Un soir de festival, Manu Dibango a vu que j’allais mal et m’a prise dans ses bras : « On a la musique. Et ton père est avec toi. » Il m’a aidée à tenir debout jusqu’à l’enterrement.

 

AM : Bientôt 61 ans, et presque cinquante de carrière ! Avez-vous des regrets ?

AK : Aucun. Il n’y a pas un album que je n’ai pas fait de tout mon corps et de toute mon âme. Des compromis, il faut en faire dans ce business, mais j’ai veillé à ce que ma liberté ne soit pas altérée par qui que ce soit. C’est ce que m’avait promis Chris Blackwell, quand j’ai signé mon contrat avec lui sur son label Mango, en 1991. Alors oui, bien sûr, mes disques ont pu être trop avant-gardistes, donc mal compris.
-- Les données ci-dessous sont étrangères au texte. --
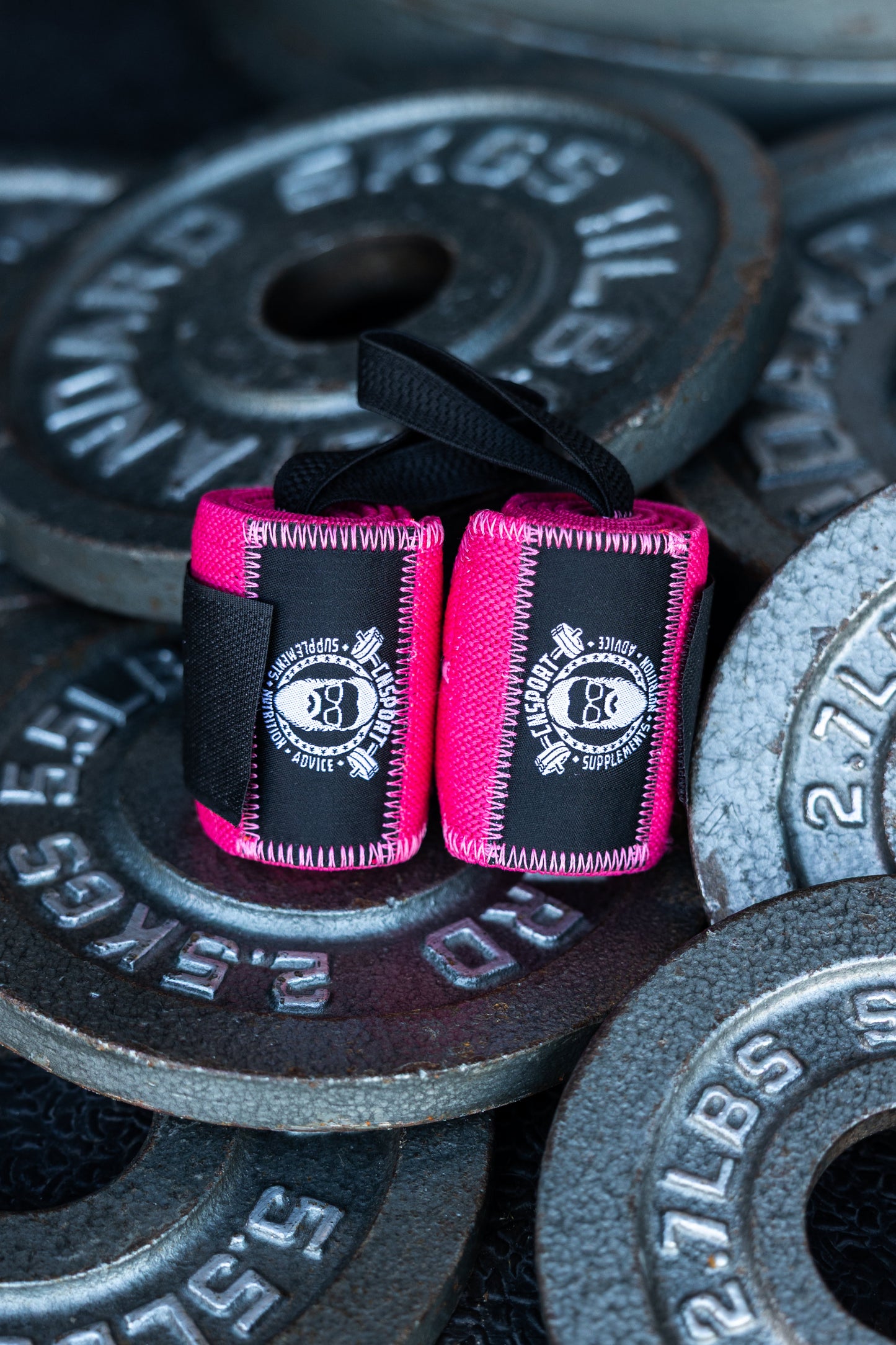 CNSport - Wrist Wraps - 60cm x 8cm - Stretch - Special Offer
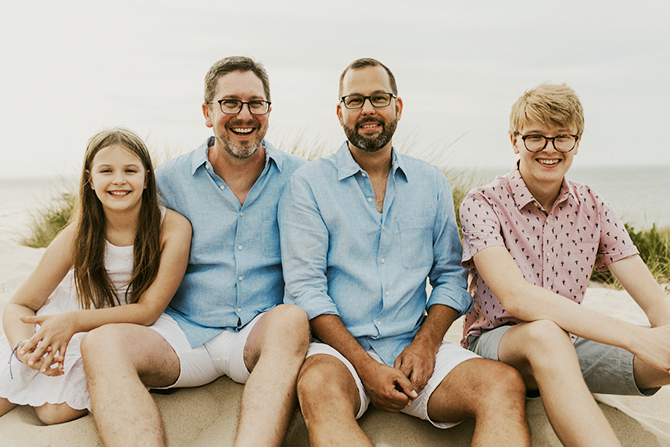Martha's Vineyard - Vineyard Haven, Massachusetts - LGBT Wedding Officiant and Elopement Packages - My Vineyard Elopement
Et d’autres ont pu sembler trop modernes, pas assez africains. Mais on ne peut pas plaire à tout le monde. Comme me disait ma grand-mère paternelle. « Dieu nous a envoyé son fils, et on a trouvé le moyen de le tuer alors si Jésus a été une cible, qui es-tu, toi ? » De quoi relativiser !

 

AM : On connaît moins votre travail d’actrice, alors que vous serez bientôt à l’affiche d’Entre les vagues, d’Anaïs Volpé, présenté au Festival de Cannes. Le jeu a-t-il été inné pour vous ?

AK : Enfant, j’ai commencé à m’intéresser à la comédie, en enten­dant ma maman, qui dirigeait une troupe de théâtre guider les acteurs et actrices. Elle disait qu’il fallait être soi-même tout en s’appropriant un rôle. Que de jouer, ce n’était pas juste reciter… Je l’ai gardé en mémoire. Ia plupart du temps, je chante dans des langues qui ne sont parlées que des miens. J’ai donc appris à parler à des gens qui ne me comprenaient pas littéralement. Cela renforce l’expressivité du visage et du corps.

 

AM : On connaît l’énergie de vos performances live, mais sur quoi dansez-vous, chez vous, toute seule dans votre salon ?

AK : James Brown, Bob Marley… Même la musique classique, ça me fait bouger. La preuve, j’ai repris le Boléro de Maurice Ravel. Il a été le premier compositeur classique à avoir compris le monde africain. Le public avait été choqué la première fois qu’il a été joué.

 

AM : Quel est le mantra d’Angélique Kidjo ?

AK : Ça doit avoir un lien avec le fait que je médite depuis long­temps : vivre et laisser vivre les autres. Personne n’est assez irré­prochable pour se permettre de critiquer les autres, ni de leur dire quoi faire. L’être humain est si complexe. On divise l’hu­manité en catégories, on décide de tout : qui a le droit de parler, de gagner de l’argent, et on rajoute des histoires de sexualité… On a l’impression que l’amour est devenu un gros mot, mais l’amour, c’est également celui de soi, des parents, des enfants. Il compte, plus que jamais.